Alright, explain the “parameters” thing again please?
The word “parameters” is bandied about a lot for LLMs. What does it really refer to?
We asked Victor Botev, CTO and co-founder of Iris AI (an award-winning startup that provides an AI engine for scientific text understanding along with a modular software suite) for his explainer. Here’s how he put it.
‘Parameters’ are mathematical coefficients in a machine learning model that it learns independently from historical training data. In NLP, they represent the likelihood of a certain feature of text appearing, in what order, using which character, and so on. By setting your parameters to different levels, you can fine-tune a model’s underlying structure to better fit the data and provide more accurate responses. Think of each parameter as a slider on a big audio mixing desk – except, in this case, there may be billions of sliders.
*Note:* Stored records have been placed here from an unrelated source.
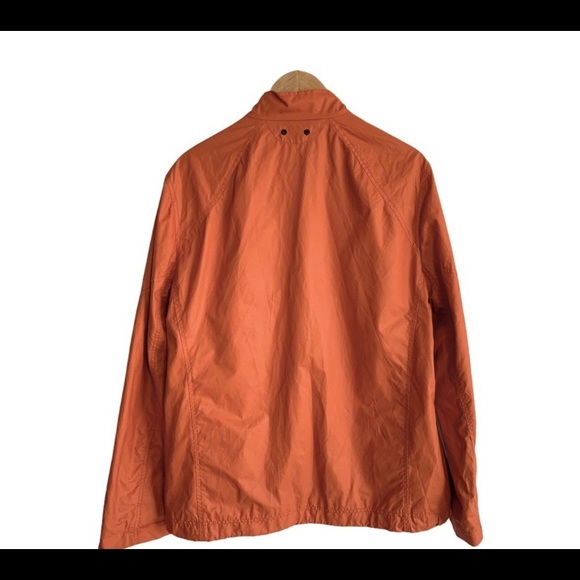 Cole Haan Mens Nautical Jacket Sz M - Picture 2 of 8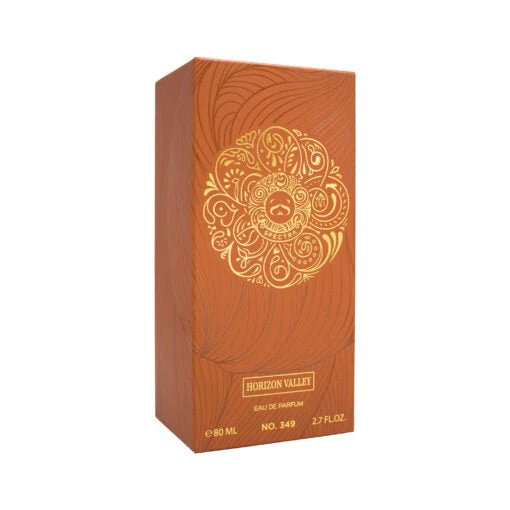 Spectra Horizon Valley EDP Unisex Perfume 80ml - Image 3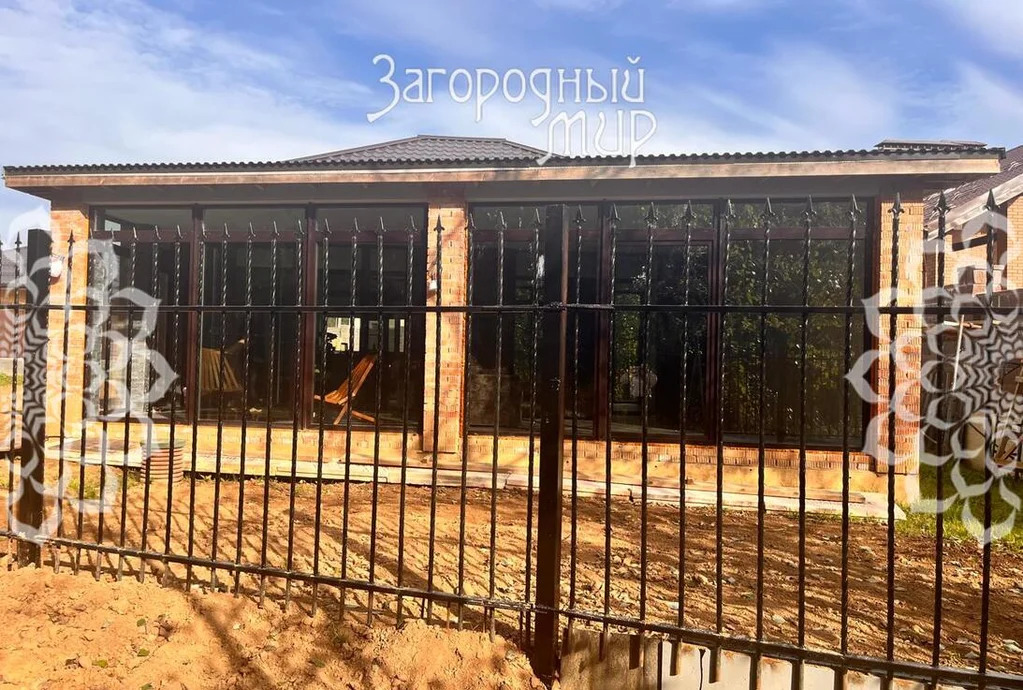 Продам дом, Волоколамское шоссе, 35 км от МКАД - Фото 2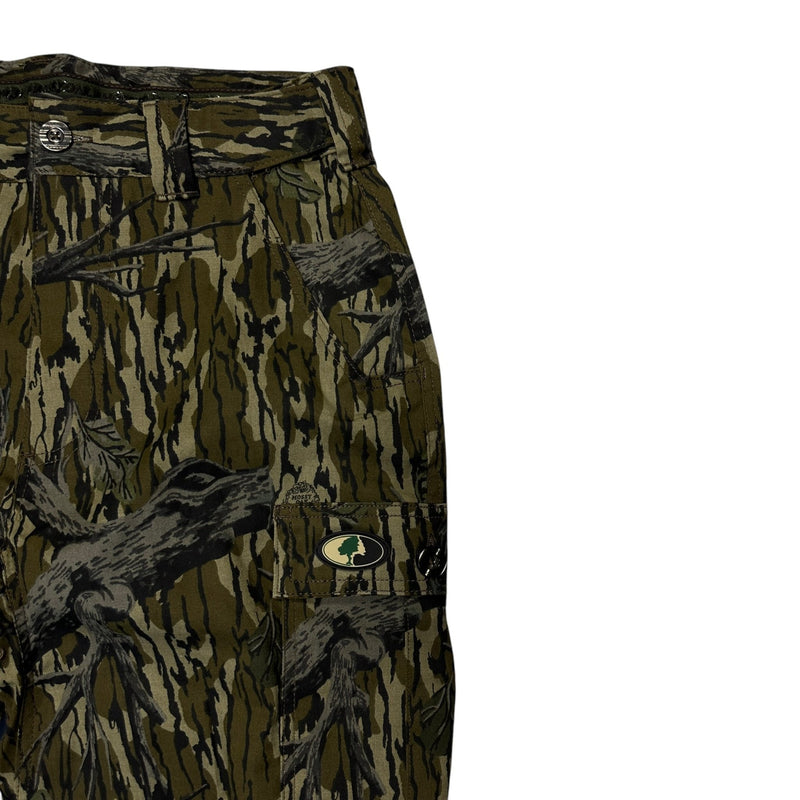 Vintage Mossy Oak Real Tree Outdoor Pants - vintageconcierge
Each parameter tells the model how likely it is for a response to a given prompt to use specific punctuation, numbers, special characters, nouns, verbs, adjectives, and other features of text and in what frequency it will do so. The number of parameters has historically been used as a way to track the skill of a language model at a particular task. Indeed, they’re often used as a competitive measure: “Our model has 100 billion parameters, whereas our competitor’s model only has 25 billion, and so our model is better at such-and-such task.”
When it’s said that a model has ‘X billion parameters’, what that really means is that, every time you submit a prompt, all ‘X billion’ parameters are used as it generates a response. Ideally, this means you get a better, more fine-tuned response. Some companies adopt the view that ‘the bigger, the better’ and treat the number of a model’s parameters and its ability to generate text as a linear relationship.
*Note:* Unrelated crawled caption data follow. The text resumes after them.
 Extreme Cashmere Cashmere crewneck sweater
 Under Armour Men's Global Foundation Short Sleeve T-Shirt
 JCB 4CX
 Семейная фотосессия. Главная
However, this misses a critical nuance. The more parameters a model has, the better it is at certain tasks – and generating text is by no means a single task. It contains many different parts, such as sentence boundary disambiguation, part-of-speech tagging, and word sense disambiguation, not to mention factual validation. An extremely high number of parameters may give a language model (or Large Language Model, LLM) the context and training to generate plausible, ‘human-sounding’ text in response to most prompts. That’s because it can predict with high accuracy what a human’s response would look like — but quantity does not equal quality.
“The chances of these responses containing factual errors remains high unless there is ample high quality data to train those parameters. Because more parameters means you need more examples, you consequently need to add in more context to your training data to ensure the models abstractions don’t become unmoored from the exact facts they need to produce.”